# EXERCISE INPUT

::::

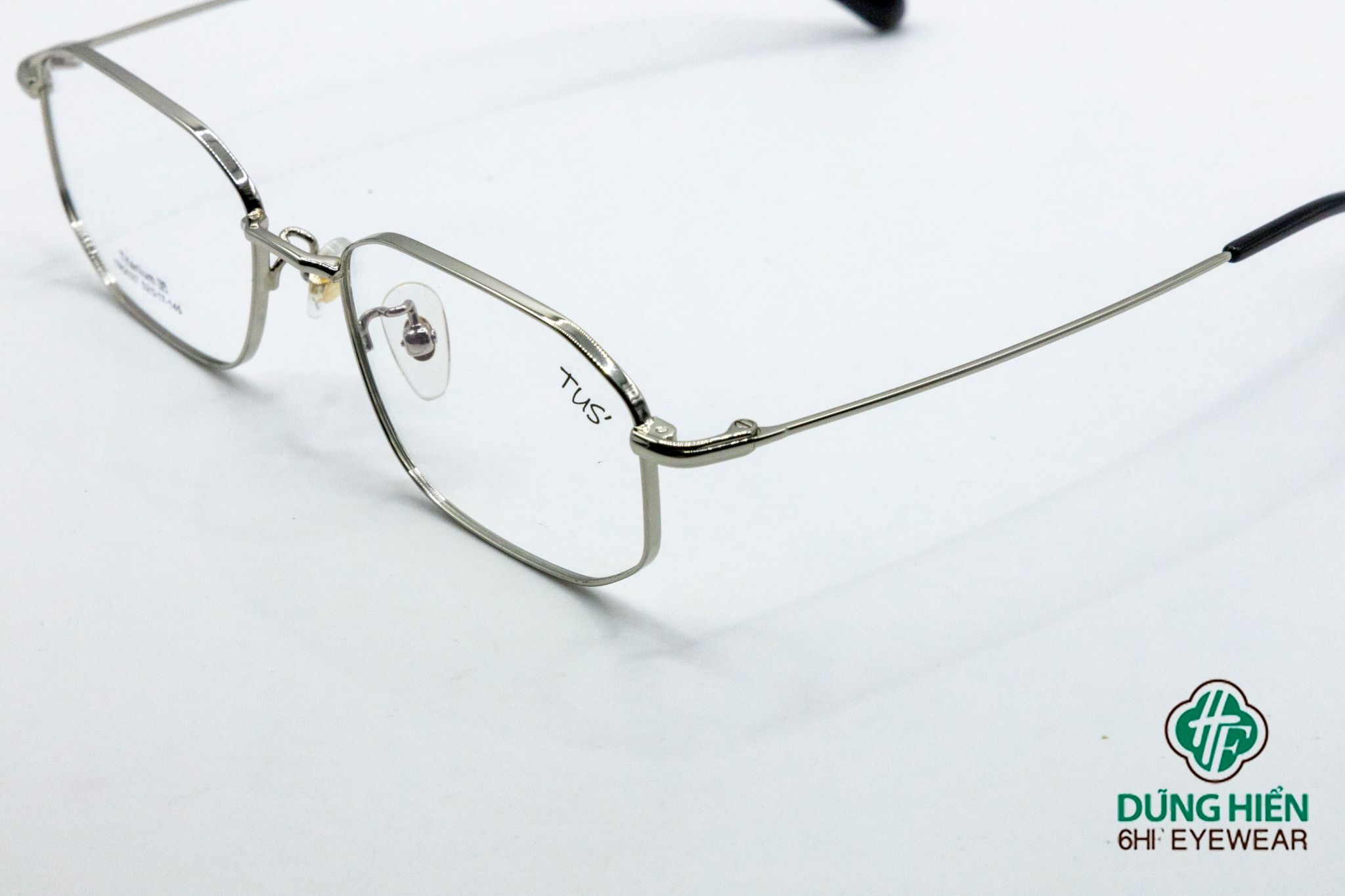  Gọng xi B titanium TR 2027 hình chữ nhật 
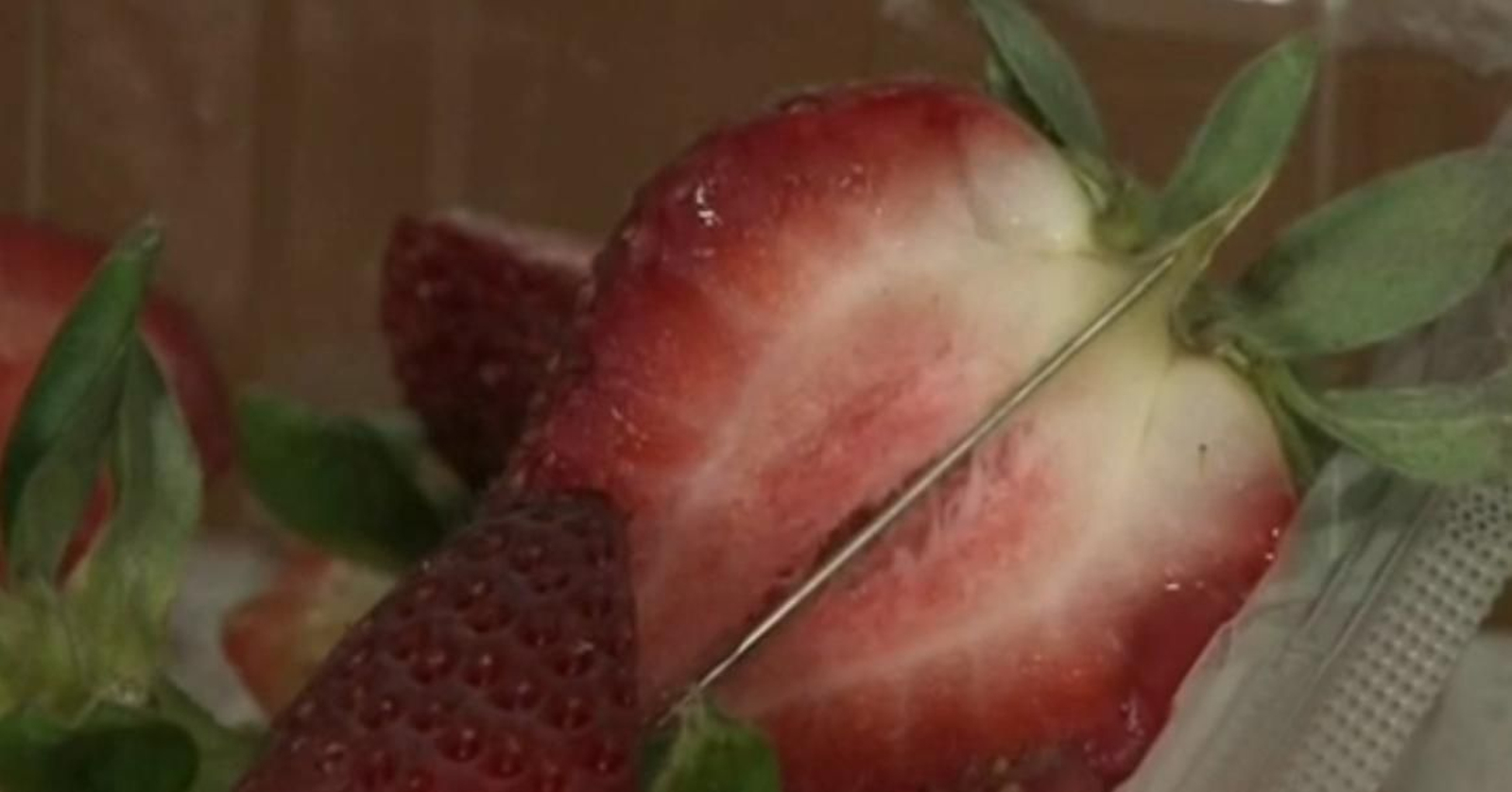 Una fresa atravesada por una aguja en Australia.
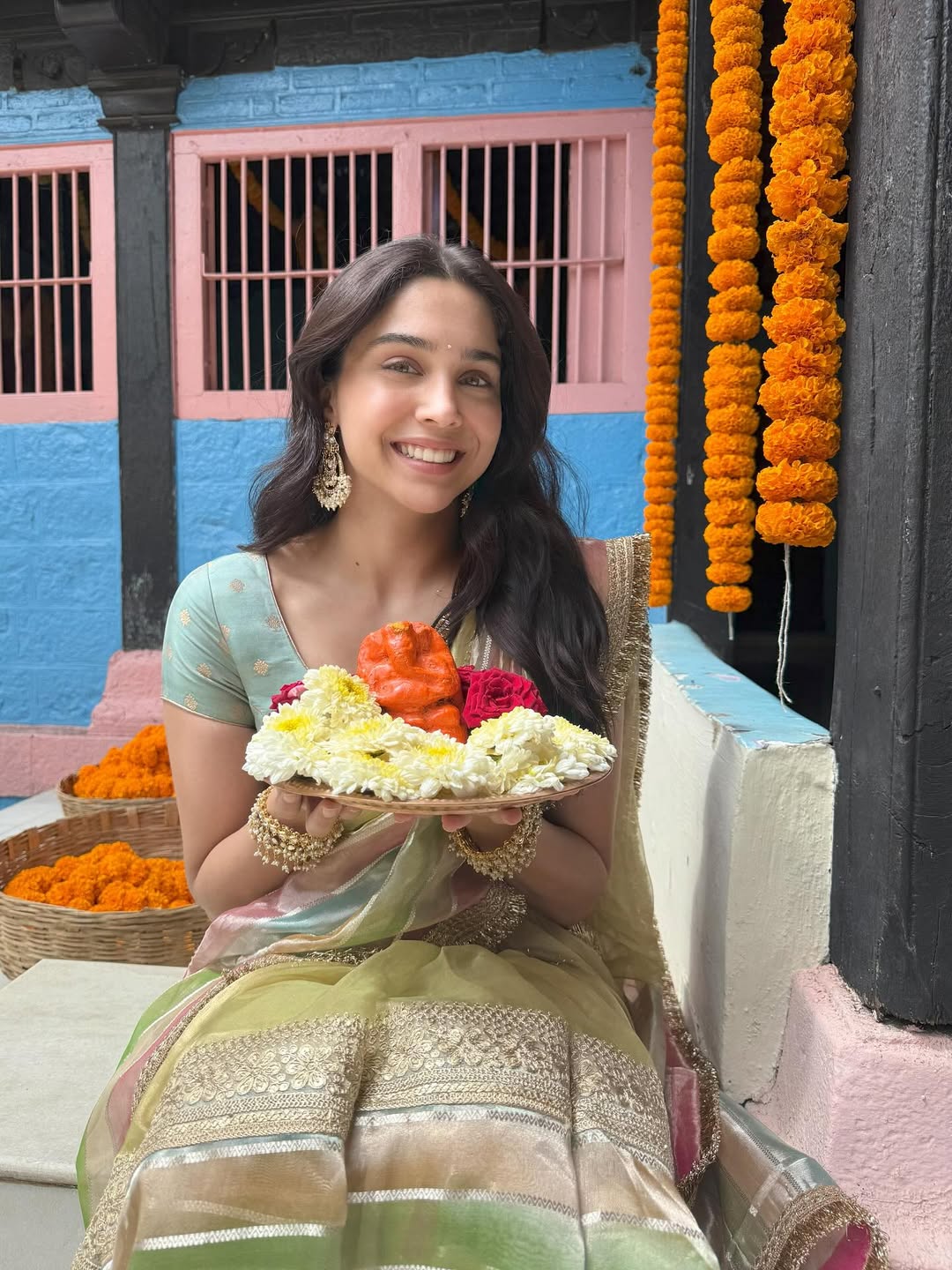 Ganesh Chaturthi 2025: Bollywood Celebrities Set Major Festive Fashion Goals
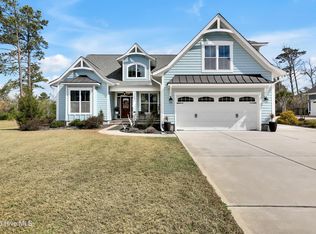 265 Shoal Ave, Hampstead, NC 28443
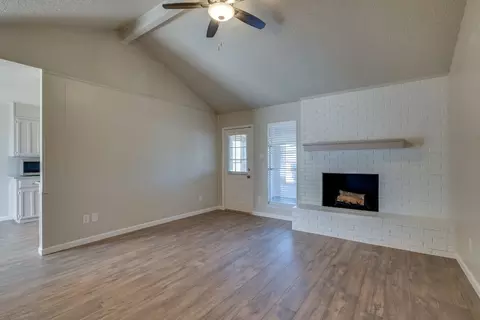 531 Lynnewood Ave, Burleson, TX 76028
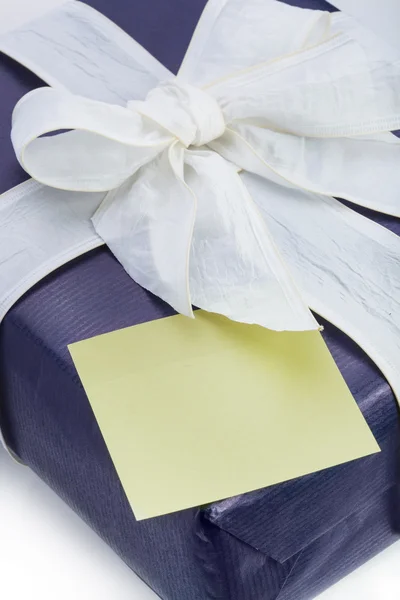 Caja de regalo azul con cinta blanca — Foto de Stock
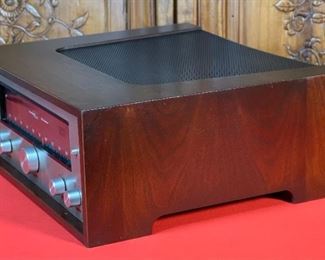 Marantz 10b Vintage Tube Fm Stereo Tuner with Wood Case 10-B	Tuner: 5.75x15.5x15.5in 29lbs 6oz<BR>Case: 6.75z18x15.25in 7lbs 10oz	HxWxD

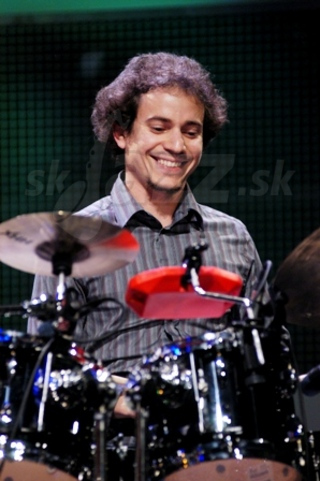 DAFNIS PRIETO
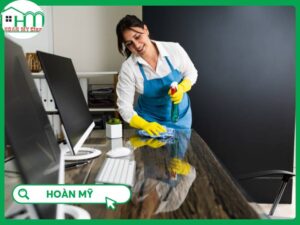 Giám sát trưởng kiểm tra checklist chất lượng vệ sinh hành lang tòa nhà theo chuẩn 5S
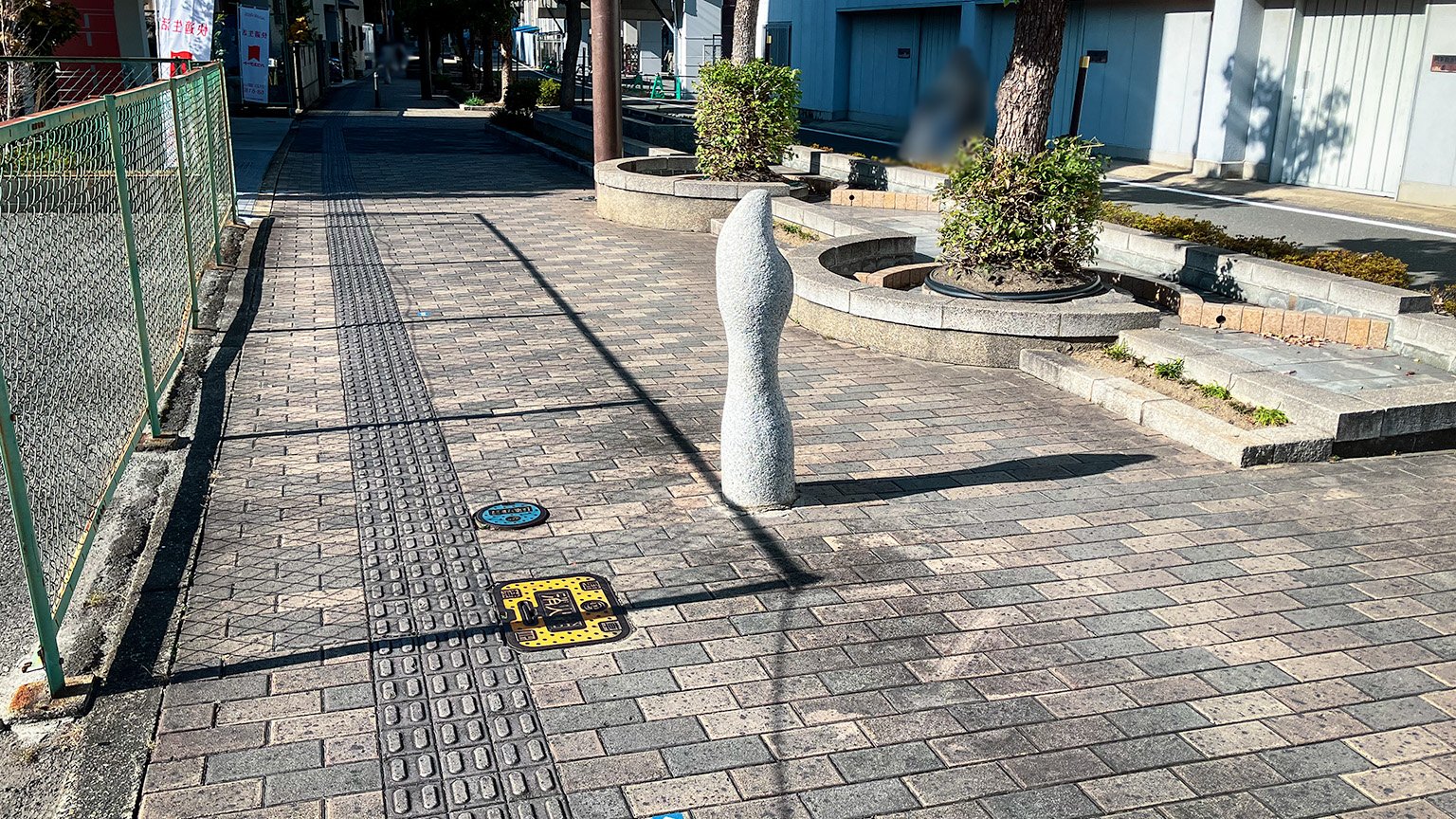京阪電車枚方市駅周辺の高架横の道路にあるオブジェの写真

::::

# TASK DETAILS
Copy the listing in full and without alteration, omitting every picture.

# SOLUTION BELOW
  Gọng xi B titanium TR 2027 hình chữ nhật 
 Una fresa atravesada por una aguja en Australia.
 Ganesh Chaturthi 2025: Bollywood Celebrities Set Major Festive Fashion Goals
 265 Shoal Ave, Hampstead, NC 28443
 531 Lynnewood Ave, Burleson, TX 76028
 Caja de regalo azul con cinta blanca — Foto de Stock
 Marantz 10b Vintage Tube Fm Stereo Tuner with Wood Case 10-B	Tuner: 5.75x15.5x15.5in 29lbs 6oz<BR>Case: 6.75z18x15.25in 7lbs 10oz	HxWxD

 DAFNIS PRIETO
 Giám sát trưởng kiểm tra checklist chất lượng vệ sinh hành lang tòa nhà theo chuẩn 5S
京阪電車枚方市駅周辺の高架横の道路にあるオブジェの写真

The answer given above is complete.